> **YOUR GOAL**: The required output is the line that contains "Condo in Khlong" through the last line of the data, retyped verbatim and with nothing added.

#####

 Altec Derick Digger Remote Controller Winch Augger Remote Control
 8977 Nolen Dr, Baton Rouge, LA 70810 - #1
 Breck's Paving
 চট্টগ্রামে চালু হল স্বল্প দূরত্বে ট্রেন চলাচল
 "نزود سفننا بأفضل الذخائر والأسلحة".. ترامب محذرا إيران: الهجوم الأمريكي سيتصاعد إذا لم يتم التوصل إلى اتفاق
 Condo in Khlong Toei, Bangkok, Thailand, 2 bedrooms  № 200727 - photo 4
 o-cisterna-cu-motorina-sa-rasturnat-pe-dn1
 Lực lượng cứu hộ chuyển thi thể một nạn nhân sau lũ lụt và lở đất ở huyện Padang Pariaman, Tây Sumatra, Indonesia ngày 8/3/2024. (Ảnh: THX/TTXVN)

#####

> **EXERCISE SOLUTION**:
 Condo in Khlong Toei, Bangkok, Thailand, 2 bedrooms  № 200727 - photo 4
 o-cisterna-cu-motorina-sa-rasturnat-pe-dn1
 Lực lượng cứu hộ chuyển thi thể một nạn nhân sau lũ lụt và lở đất ở huyện Padang Pariaman, Tây Sumatra, Indonesia ngày 8/3/2024. (Ảnh: THX/TTXVN)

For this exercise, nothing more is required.